— Collected material —
((
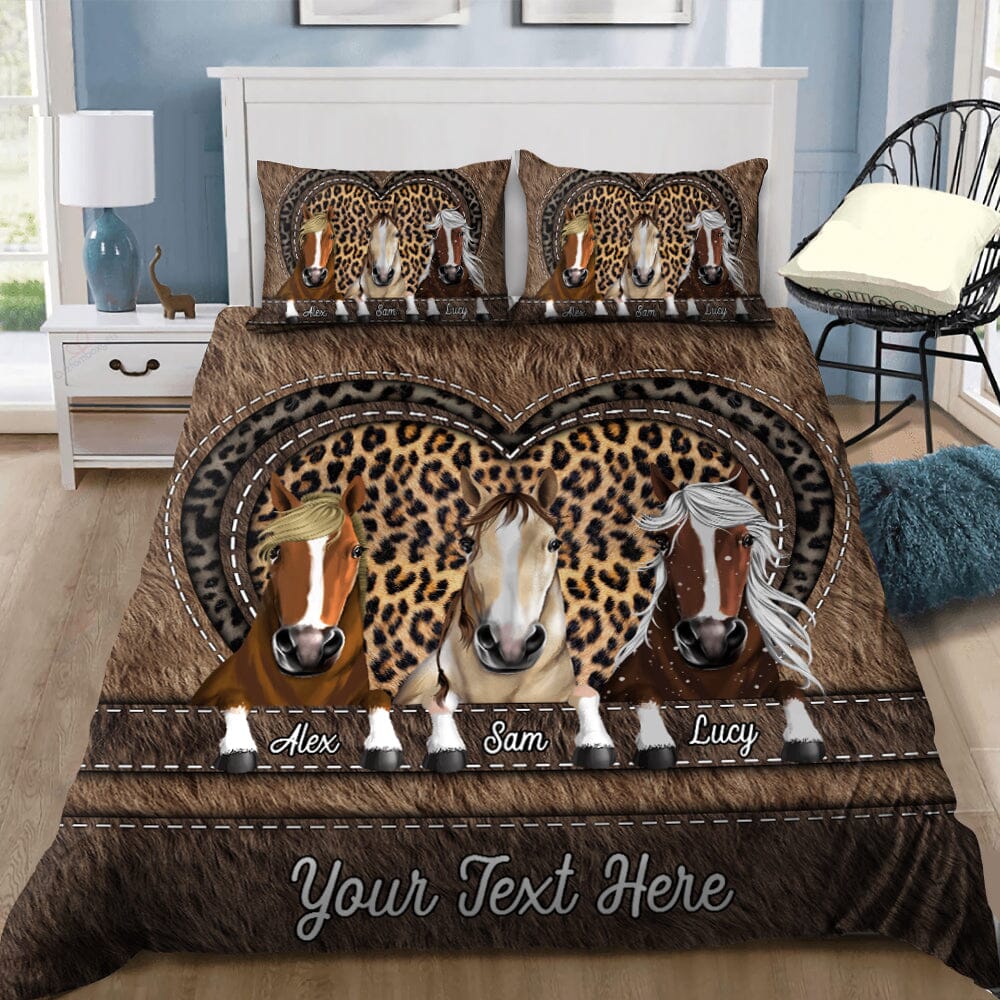 Horse Personalized Bedding Set, Personalized Gift for Horse Lovers - NTD06DEC23TT1 Bedding Set HumanCustom - Unique Personalized Gifts Made Just for You 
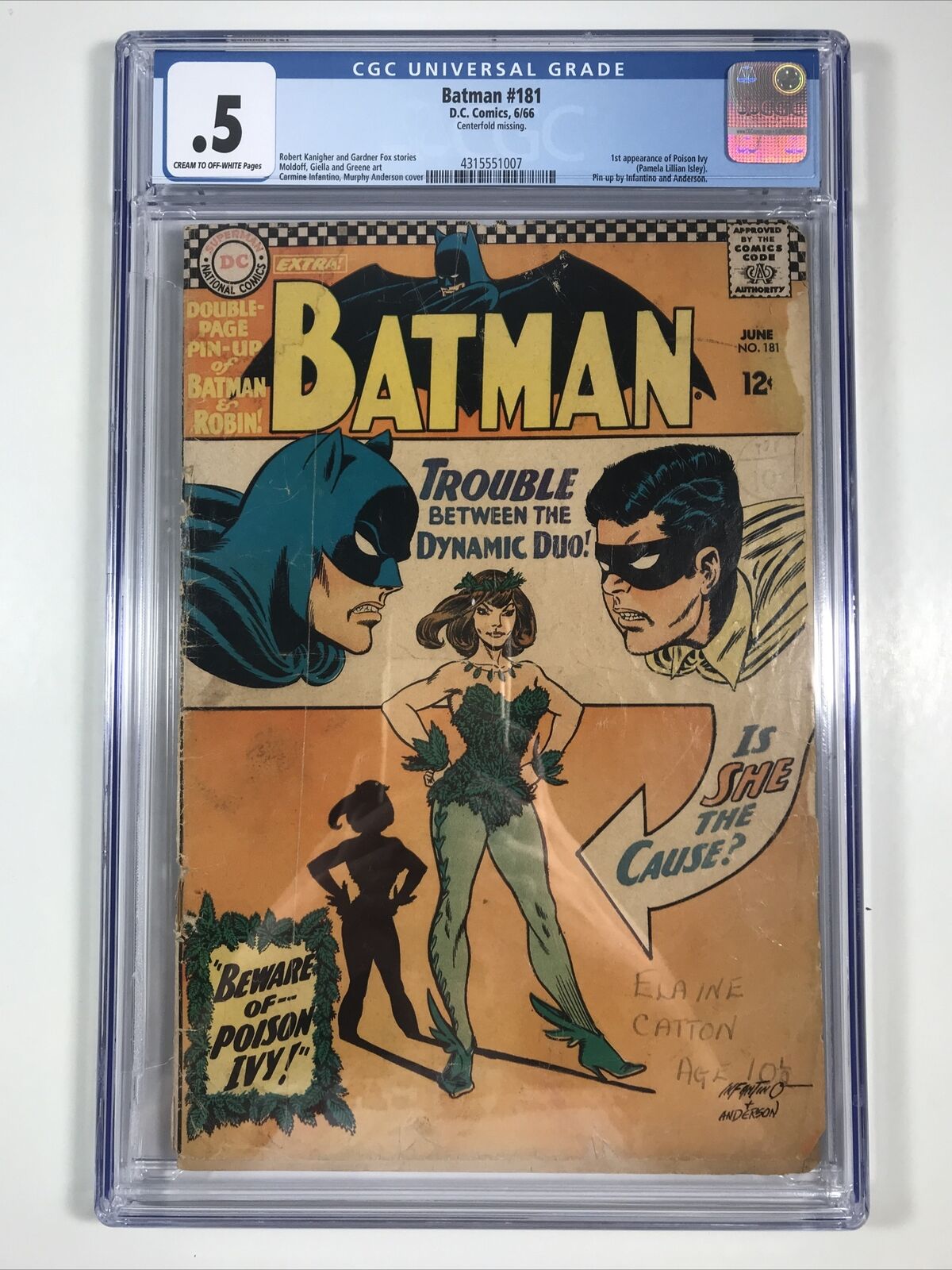 Batman #181 (1966 DC Comics) Universal CGC .5 1st App Poison Ivy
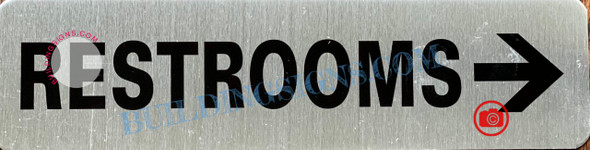 RESTROOMS RIGHT SignBRUSHED ALUMINUM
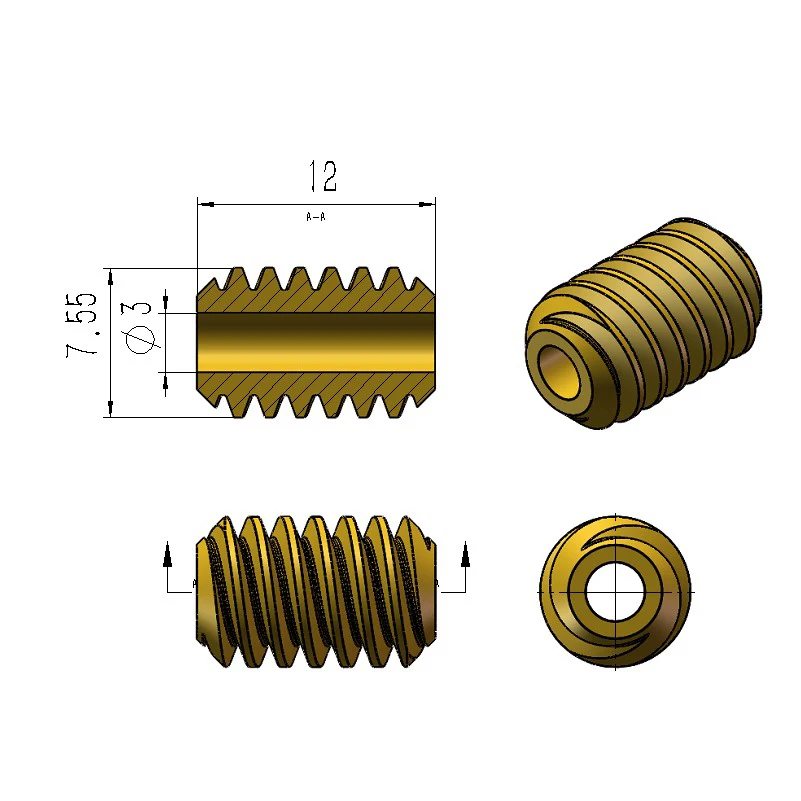Motor Gear 5840-31ZY Worm Gear All Steel Pinion Small Modulus Self-locking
))
— Problem details —
Would you retype all the material above exactly, apart from its pictures?

— Output of the exercise —
 Horse Personalized Bedding Set, Personalized Gift for Horse Lovers - NTD06DEC23TT1 Bedding Set HumanCustom - Unique Personalized Gifts Made Just for You 
 Batman #181 (1966 DC Comics) Universal CGC .5 1st App Poison Ivy
 RESTROOMS RIGHT SignBRUSHED ALUMINUM
Motor Gear 5840-31ZY Worm Gear All Steel Pinion Small Modulus Self-locking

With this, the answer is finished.